Items from a dataset:
::::::

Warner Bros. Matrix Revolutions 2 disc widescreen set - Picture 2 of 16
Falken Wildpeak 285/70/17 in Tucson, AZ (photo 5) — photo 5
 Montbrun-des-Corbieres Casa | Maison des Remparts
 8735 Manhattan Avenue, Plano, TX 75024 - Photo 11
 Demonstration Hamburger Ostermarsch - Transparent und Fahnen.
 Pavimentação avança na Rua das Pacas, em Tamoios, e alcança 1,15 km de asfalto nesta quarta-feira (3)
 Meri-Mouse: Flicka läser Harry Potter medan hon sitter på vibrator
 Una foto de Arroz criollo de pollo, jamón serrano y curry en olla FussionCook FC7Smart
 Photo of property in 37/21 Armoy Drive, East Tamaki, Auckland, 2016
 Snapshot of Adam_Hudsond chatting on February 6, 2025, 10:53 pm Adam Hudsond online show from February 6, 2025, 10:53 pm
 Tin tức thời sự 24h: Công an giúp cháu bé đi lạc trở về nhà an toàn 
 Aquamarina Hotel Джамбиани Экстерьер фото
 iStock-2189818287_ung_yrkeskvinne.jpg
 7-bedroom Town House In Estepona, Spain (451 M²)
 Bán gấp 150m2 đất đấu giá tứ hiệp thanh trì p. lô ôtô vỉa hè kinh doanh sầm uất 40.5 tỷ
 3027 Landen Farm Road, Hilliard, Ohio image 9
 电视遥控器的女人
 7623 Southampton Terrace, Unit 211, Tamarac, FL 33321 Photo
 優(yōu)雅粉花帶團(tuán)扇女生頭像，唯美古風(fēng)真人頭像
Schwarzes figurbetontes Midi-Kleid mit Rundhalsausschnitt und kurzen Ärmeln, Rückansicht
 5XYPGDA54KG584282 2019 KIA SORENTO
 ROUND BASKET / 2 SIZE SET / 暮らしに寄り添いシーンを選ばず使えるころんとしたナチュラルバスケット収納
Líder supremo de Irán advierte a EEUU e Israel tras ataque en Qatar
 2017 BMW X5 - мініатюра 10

::::::

Give back the data above exactly, so that every line matches.

Warner Bros. Matrix Revolutions 2 disc widescreen set - Picture 2 of 16
Falken Wildpeak 285/70/17 in Tucson, AZ (photo 5) — photo 5
 Montbrun-des-Corbieres Casa | Maison des Remparts
 8735 Manhattan Avenue, Plano, TX 75024 - Photo 11
 Demonstration Hamburger Ostermarsch - Transparent und Fahnen.
 Pavimentação avança na Rua das Pacas, em Tamoios, e alcança 1,15 km de asfalto nesta quarta-feira (3)
 Meri-Mouse: Flicka läser Harry Potter medan hon sitter på vibrator
 Una foto de Arroz criollo de pollo, jamón serrano y curry en olla FussionCook FC7Smart
 Photo of property in 37/21 Armoy Drive, East Tamaki, Auckland, 2016
 Snapshot of Adam_Hudsond chatting on February 6, 2025, 10:53 pm Adam Hudsond online show from February 6, 2025, 10:53 pm
 Tin tức thời sự 24h: Công an giúp cháu bé đi lạc trở về nhà an toàn 
 Aquamarina Hotel Джамбиани Экстерьер фото
 iStock-2189818287_ung_yrkeskvinne.jpg
 7-bedroom Town House In Estepona, Spain (451 M²)
 Bán gấp 150m2 đất đấu giá tứ hiệp thanh trì p. lô ôtô vỉa hè kinh doanh sầm uất 40.5 tỷ
 3027 Landen Farm Road, Hilliard, Ohio image 9
 电视遥控器的女人
 7623 Southampton Terrace, Unit 211, Tamarac, FL 33321 Photo
 優(yōu)雅粉花帶團(tuán)扇女生頭像，唯美古風(fēng)真人頭像
Schwarzes figurbetontes Midi-Kleid mit Rundhalsausschnitt und kurzen Ärmeln, Rückansicht
 5XYPGDA54KG584282 2019 KIA SORENTO
 ROUND BASKET / 2 SIZE SET / 暮らしに寄り添いシーンを選ばず使えるころんとしたナチュラルバスケット収納
Líder supremo de Irán advierte a EEUU e Israel tras ataque en Qatar
 2017 BMW X5 - мініатюра 10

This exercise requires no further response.